About this task. From the entries below, transcribe exactly the lines between the line holding "Force of Nature - Paperback" and the line holding "Audi S3 Cabrio", inclusive; skip all other lines.

Exercise data.
● ● ● ● ● ● ●

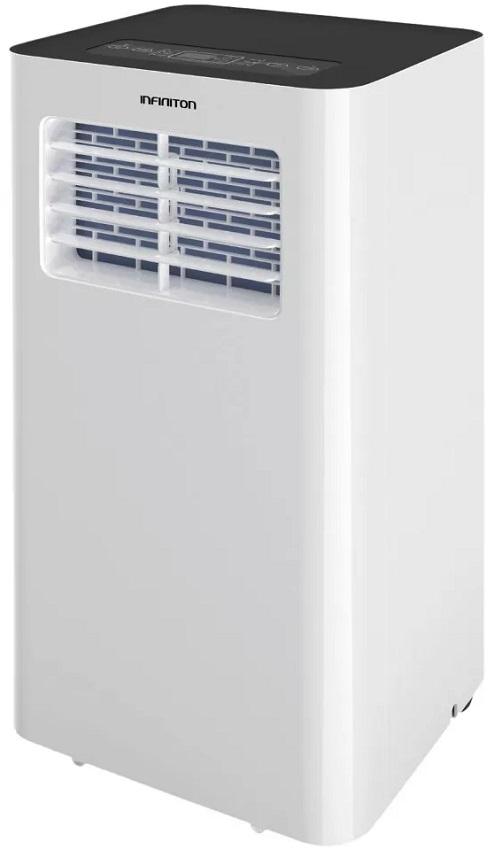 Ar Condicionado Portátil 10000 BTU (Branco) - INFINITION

● ● ● ● ● ● ●

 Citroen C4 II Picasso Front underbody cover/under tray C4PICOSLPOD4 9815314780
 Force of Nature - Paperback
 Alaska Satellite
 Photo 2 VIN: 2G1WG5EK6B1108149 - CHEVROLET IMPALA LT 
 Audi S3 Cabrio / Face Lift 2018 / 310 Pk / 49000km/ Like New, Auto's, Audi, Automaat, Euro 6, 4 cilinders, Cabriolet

● ● ● ● ● ● ●

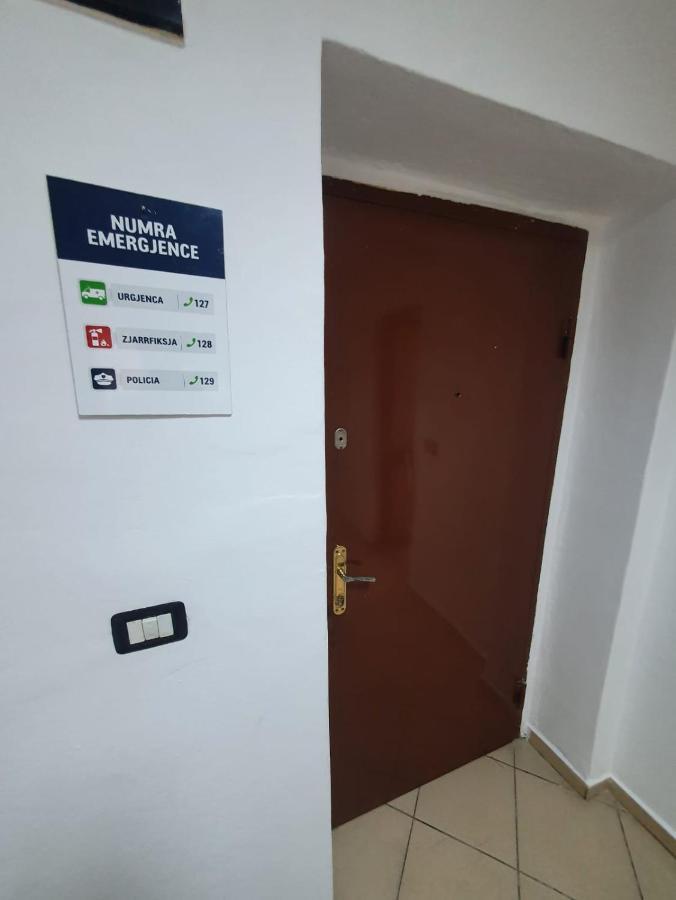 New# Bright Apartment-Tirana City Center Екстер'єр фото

● ● ● ● ● ● ●

Problem solution.
 Force of Nature - Paperback
 Alaska Satellite
 Photo 2 VIN: 2G1WG5EK6B1108149 - CHEVROLET IMPALA LT 
 Audi S3 Cabrio / Face Lift 2018 / 310 Pk / 49000km/ Like New, Auto's, Audi, Automaat, Euro 6, 4 cilinders, Cabriolet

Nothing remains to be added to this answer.